Ben Tansey was the son of Bernard Tansey and Kathleen Glynn of Caltraghduff, Ballyforan, County Roscommon. Tansey played senior inter-county football and hurling for two different counties, Roscommon and Meath.

Tansey started playing hurling and football with his local clubs, Four Roads and St Aidan's in Roscommon. He won underage hurling championships with Four Roads and also a U16 "B" All-Ireland hurling medal with Roscommon. He played Minor and Under 21 football and hurling for Roscommon. Tansey went to Ballinafad College, in Mayo, where he played in four Connacht colleges hurling finals, won a Connacht colleges football medal and a Mayo colleges football championship.
Tansey joined the Garda Síochána in 1973 and was stationed in Rush, Balbriggan, and Navan. He served in Navan for 27 years until his retirement in 2003.

During his playing days in Roscommon Tansey won a Connacht Senior Football Championship in 1978 and an All-Ireland Junior Hurling Championship in 1974. Tansey is one the Roscommon hurlers to have played Railway Cup with Connacht. He won two Roscommon Senior Hurling Championship titles with Four Roads, and also a Connacht Senior Club Hurling Championship medal in 1977. He won an Intermediate Football Championship with St Aidan's, and was also club footballer of the year in 1975.

Tansey transferred to Navan O'Mahonys in 1979. With them he won seven Meath Senior Football Championship titles and two Meath Senior Hurling Championship titles, being a member of the double-winning team in 1985. He also won two Intermediate Hurling Championship (IHC) titles and several Feis Cup and League football medals. He was also club footballer of the year and club hurler of the year. Tansey also holds the distinction of having won "Man of the Match" awards in both senior football (1979) and senior hurling (1986) finals. He was the Keegan Cup-winning captain in 1981. Tansey last lined out for O'Mahony's in the 1996 IHC final, aged 43, rounding off a 26-year club career with 15 club championship medals.
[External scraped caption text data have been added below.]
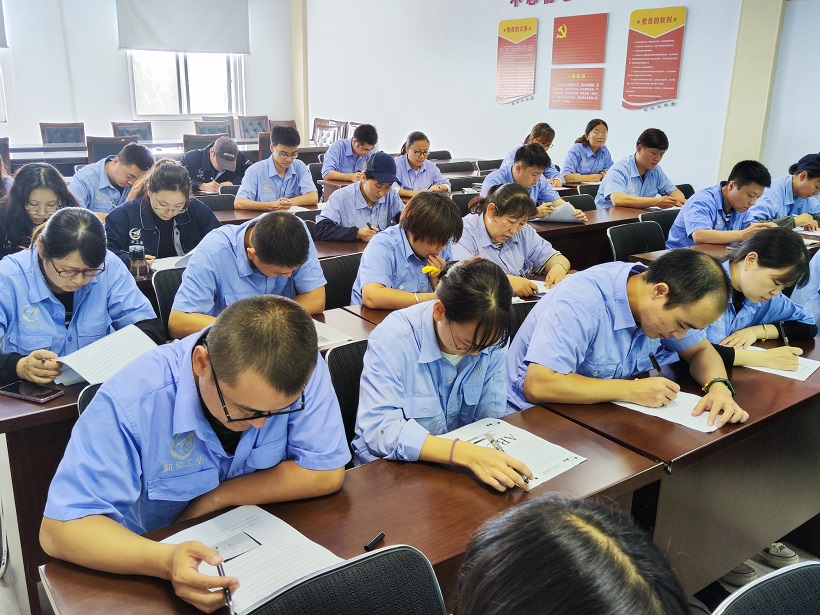 考核图片1 官网.jpg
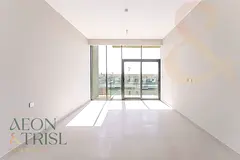 Spacious & Bright | 2 Bedroom + Maids | Furjan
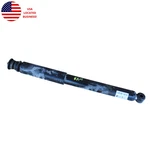For 2011- 2026 Ram 2500 3500 4WD Rear Suspension Strut Shock Absorber Rh Lh Oem Used. Price: $25.81.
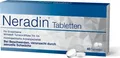 Neradin Tabletten 40Stück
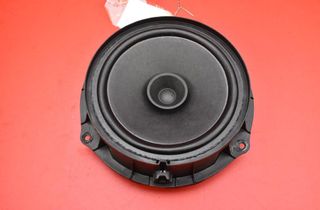 DACIA 800 Series 1 generation (1986-1999) Audio sistēma 281443585R 32745879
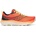 Saucony Обувки peregrine 16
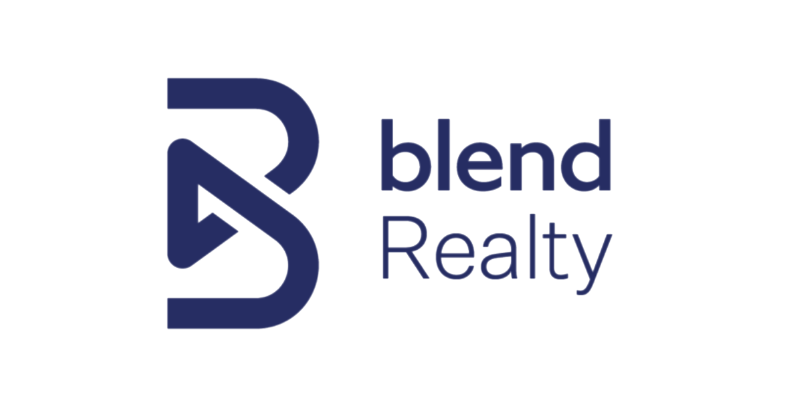 Blend Realty User Reviews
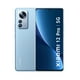 thumbnail image 1 of Xiaomi 12 Pro 5G 12GB 256GB Color Azul Xiaomi 12 PRO, 1 of 3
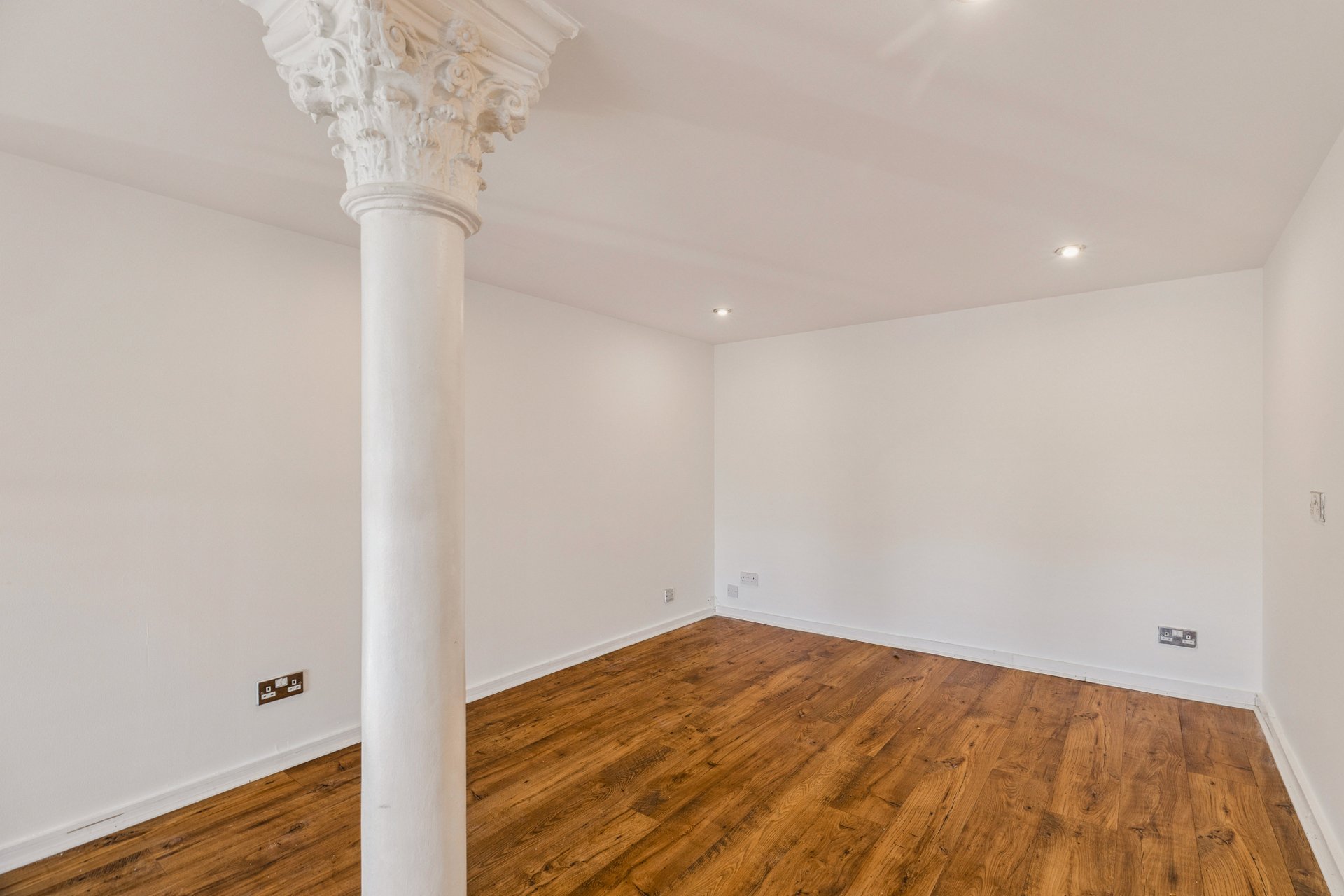 Flat 1/4, 95 Morrison Street, Glasgow, G5 8BE - Picture #14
Tansey is best remembered in Meath for being an inter-county dual player. In particular for goals he scored at Croke Park in the Leinster Senior Football Championship (SFC) against Dublin in 1983 and 1984. The goal he scored in the 1984 Leinster SFC final in 1984 would be the only one conceded by John O'Leary in the championship that year. Tansey was Meath senior footballer of the year in 1982 and won an O'Byrne Cup medal in 1983. Tansey was on Meath hurling and football teams that were managed by Seán Boylan.

Tansey was highly regarded in Navan as a hurling coach and coached teams at all grades. He was player–coach for the two senior hurling championships he won and was involved in several O'Mahony's juvenile team that travelled to Feile na nGael competitions.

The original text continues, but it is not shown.